| Provided material |
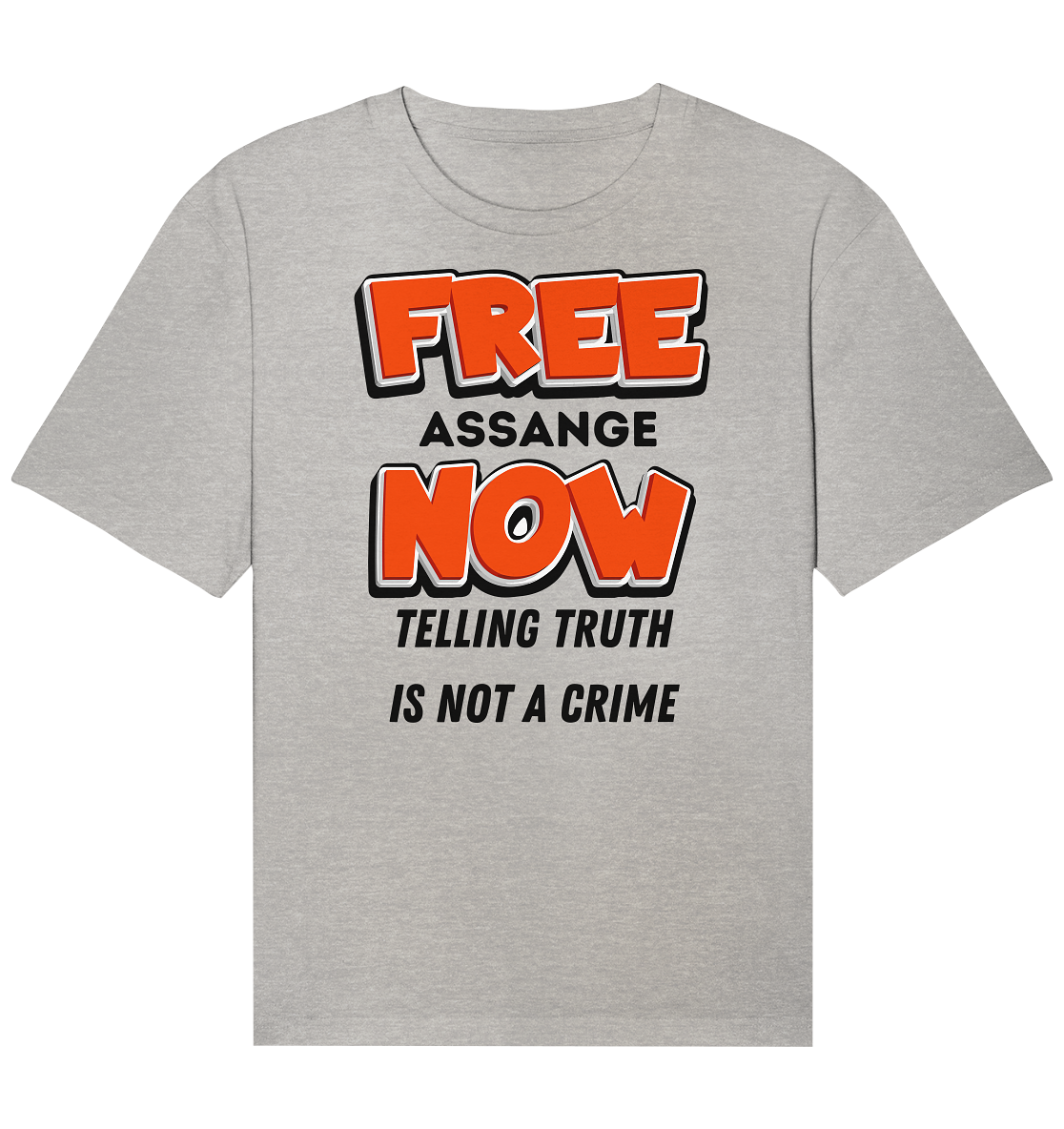 FREE ASSANGE NOW - TELLING TRUTH IS NOT A CRIME - Organic Relaxed Shirt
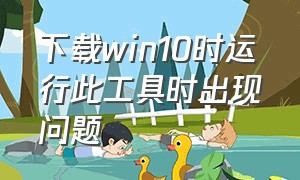 下载win10时运行此工具时出现问题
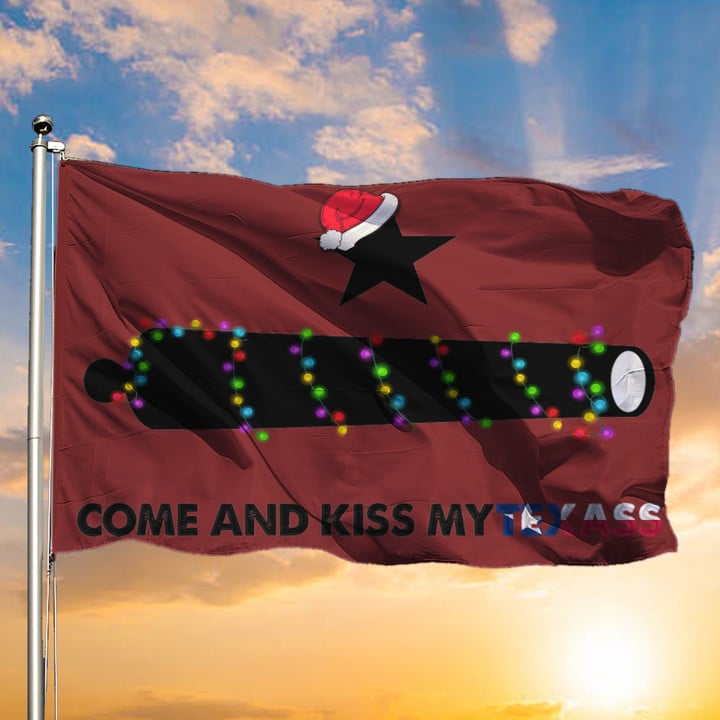 Come And Kiss My Texass Flag Texas Pride Hanging Outdoor Christmas Decorations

| Exercise |
Set down exactly, from the line that contains "下载win10时运行此工具时出现问题" through the last line of the data, each line as it stands, and leave the pictures out.

| Exercise response |
 下载win10时运行此工具时出现问题
 Come And Kiss My Texass Flag Texas Pride Hanging Outdoor Christmas Decorations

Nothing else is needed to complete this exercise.